I don’t feel pretty
So I’m not writing this for attention or anything, I truly feel this way.
I have always had trouble with self esteem, loving myself and body image issues. I don’t really feel like anything is special about me. I know I shouldn’t, but I do compare myself to other girls.
I even had an eating disorder 7th through 10th grade. I recovered from the eating disorder completely, but some aspects will always be with me.
When I started dating my now fiancé I finally started loving myself. He showed me all the good qualities about myself. And I actually felt pretty for once. I felt free, and excepted.
My fiance has been away at marine basic training for 4 weeks now. I have handled it well. I have kept myself busy and all that. I definitely can handle being a marine spouse because I am fine on my own.
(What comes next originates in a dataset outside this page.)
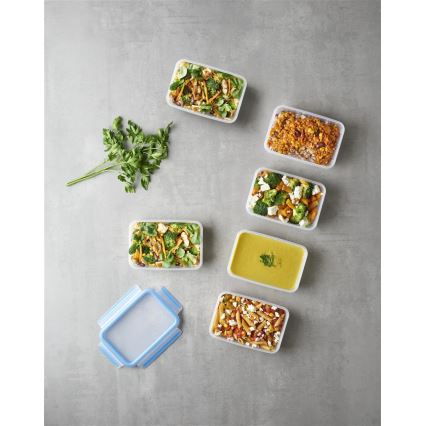 Tefal MASTER SEAL FRESH 6-piece Food Storage Container Set 0.8 L, Blue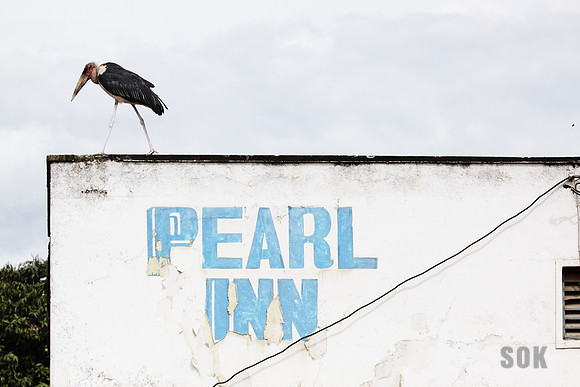 Pearl Inn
However, I now think to myself. Why does he want me. Why does a good looking man like him want just an average, short, no-boob girl, with major anxiety?
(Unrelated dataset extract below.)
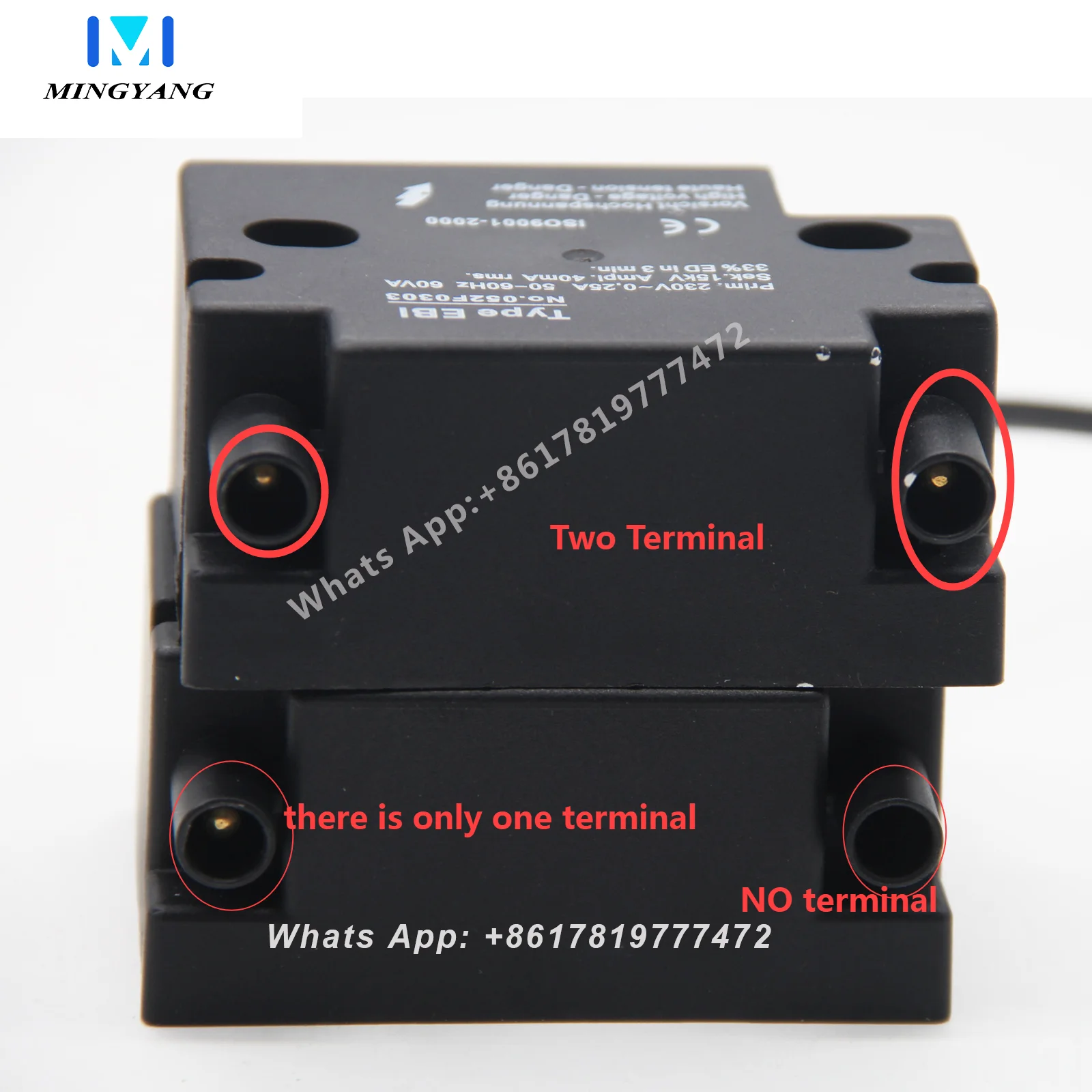 TYPE EBI-052F0303 Ignition Transformer 220V/230V 50HZ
I know that sounds harsh on myself, but if I could grow boobs, get a flatter stomach (even tho I try so hard and excercise) and feel more pretty and confident in myself I would.
I went to my mom saying I miss him cause he always made me feel pretty and I started crying. She then said that I ruined the beach weekend because we’ve all been happy up until this point. Those are the ooo exact words I didn’t need at this point.
I don’t know I guess I needed to rant.